### DATA SEGMENT

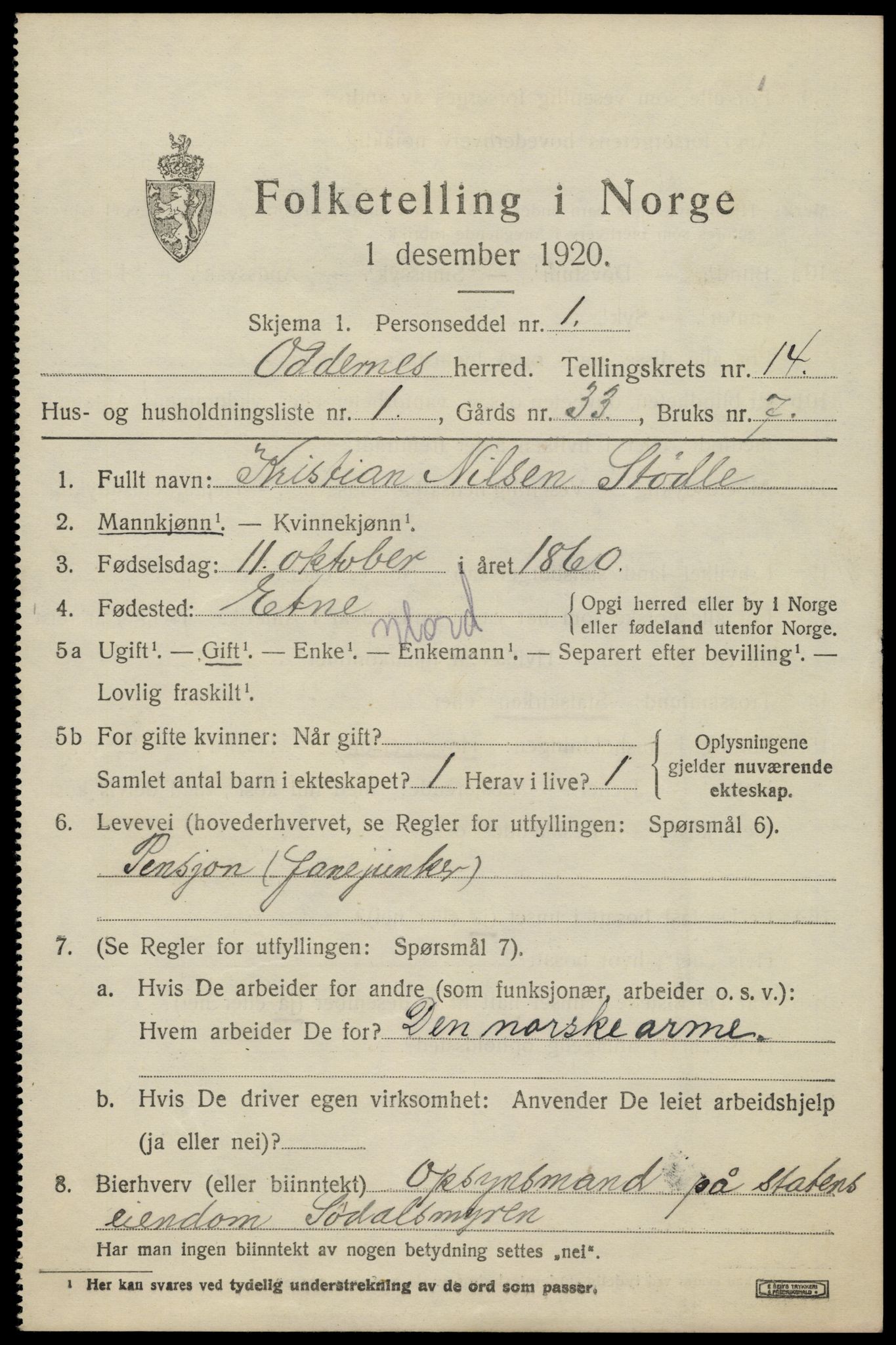 SAK, 1920 census for Oddernes, 1920, p. 8401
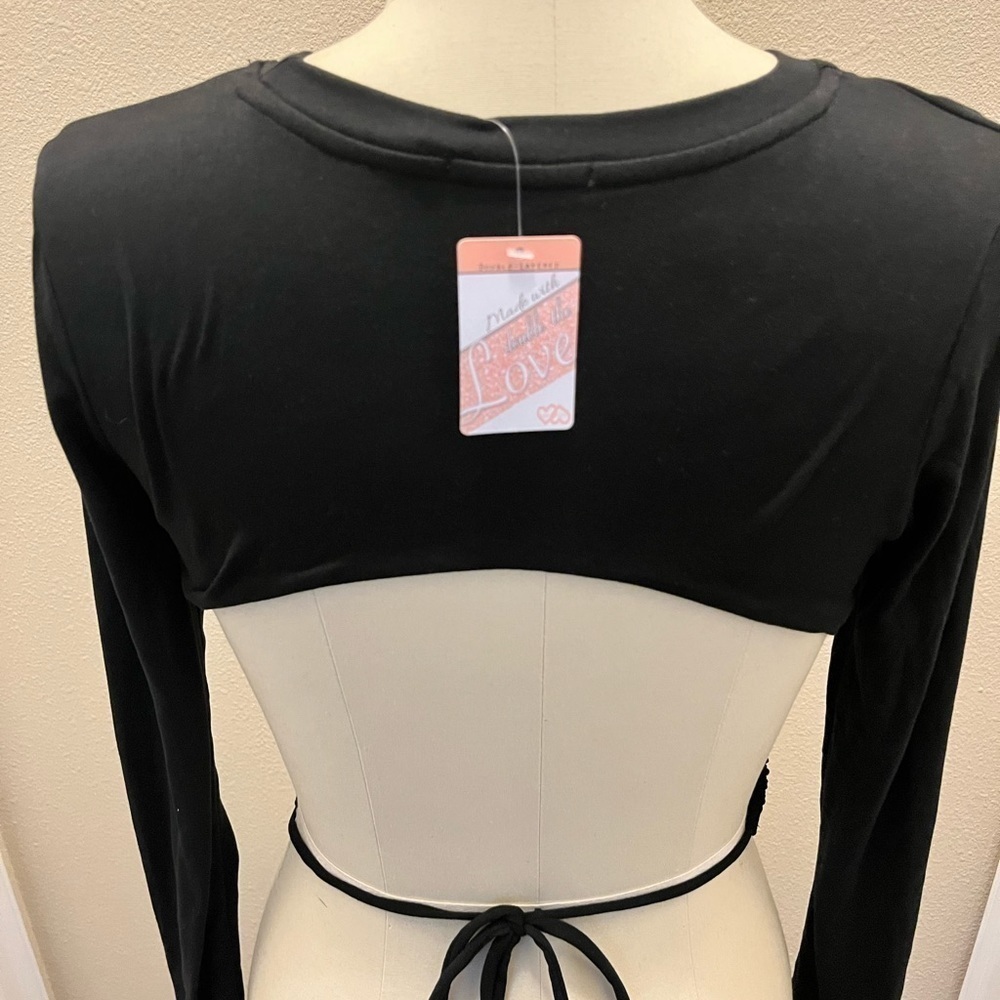 black Cut Out Crop Top - Picture 5 of 7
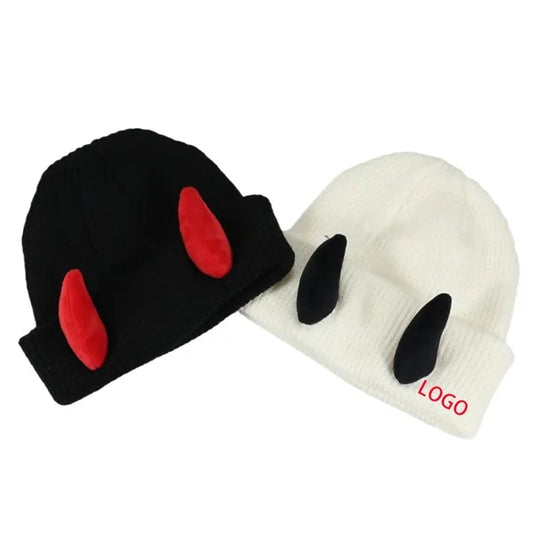 Halloween Devil Horns Winter Knit Cap Novelty Pullover Hat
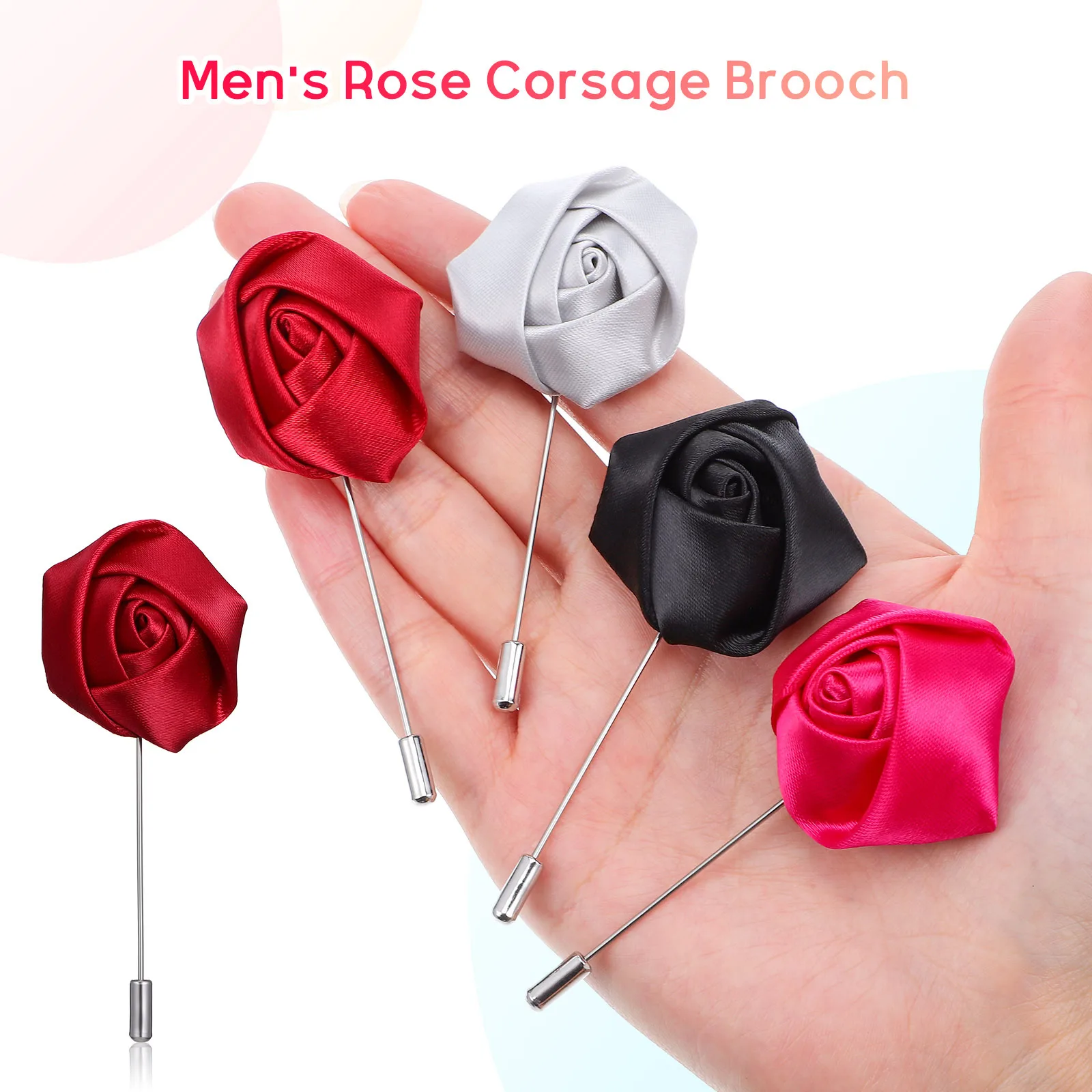 4 قطعة التلبيب للرجال دعوى روز تصميم بروش زهرة التلبيب دبوس العروة كليب زهرة العروة شهم الإكسسوارات #5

######

WORK INSTRUCTION: Could you return the whole listing exactly, with every picture removed?

ANSWER SECTION:
 SAK, 1920 census for Oddernes, 1920, p. 8401
 black Cut Out Crop Top - Picture 5 of 7
 Halloween Devil Horns Winter Knit Cap Novelty Pullover Hat
 4 قطعة التلبيب للرجال دعوى روز تصميم بروش زهرة التلبيب دبوس العروة كليب زهرة العروة شهم الإكسسوارات #5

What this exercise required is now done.